The first path, inverted V, is nice and symmetrical, and the 3 rollers take away any variations of the spool-size-changes, and two load-cells in the second roller of each side would give perfect feedback to control the steppers. For precision, one of the gate-edge-rollers can be numerically encoded. As I write, I think this is a neat transport alternative, and one that I may revisit down the road.

The one turn-off was that it was large, in order to make space for the large sphere, plus two large reels virtually in line. That’s when I started playing with ideas of a wrap-around path, to keep the project at a reasonable size for storage.

Then came the ToF path, which is virtually a square, and provided experience on turning old film.

The new path is based on an octagon, and it is virtually symmetrical between the supply-side and pick-up side. The pickup side has the capstan, and supply side has a roller where the capstan would be, which is the only difference (the middle roller in the 3 at the bottom.

Tried to eliminate variations induced by spool-size, both sides start with an entry post (right side of the octagon). Both sides have identical dancing-potentiometer, the entry-exit angle of the potentiometer is fixed by the entry-post and the first roller (from right to left). The next side of the octagon is the capstan (on the top) and the dummy-mirror-capstan, the three rollers at the bottom. The two left sides of the octagon are the gate.

The large sphere needed for 16 mm target (more than one frame) takes a lot of space. When working on the failed prototype, one of the takeaways of the experience was the fragility and rigidity of old film (have a couple of the 16mm close to 70 years old).

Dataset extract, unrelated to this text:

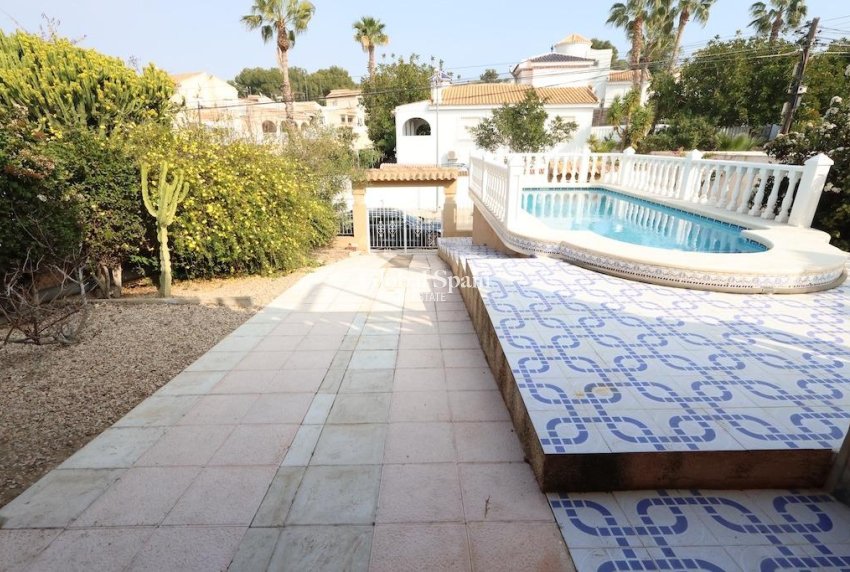 Revente - Villa -
ORIHUELA COSTA - Los Balcones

So was looking for a compact arrangement with a path minimizing sharp bends. The entry post, with large spools are the only ones would be over 90 degrees (the old 16 mm film is in smaller spools, and the angle would be far less than 90).

So in short, all those rollers help make the transport plate a bit smaller, and lesser the film bending.
Please, don’t follow me, I’m a bit lost… but making good progress (paraphrasing Yogi Berra).

I suggest you change nothing until you test it, and use the information provided as things-to-keep-an-eye-for. Perfection is enemy of the good.


This kind of freely shared experience is the reason this forum is great and how it has become a veritable dragon’s hoard of collected wisdom for these kinds of project. :smiley:

Film bow wasn’t on my radar before, but it is now. I’ll keep an eye out for any problems while I’m testing things. Thanks again for sharing!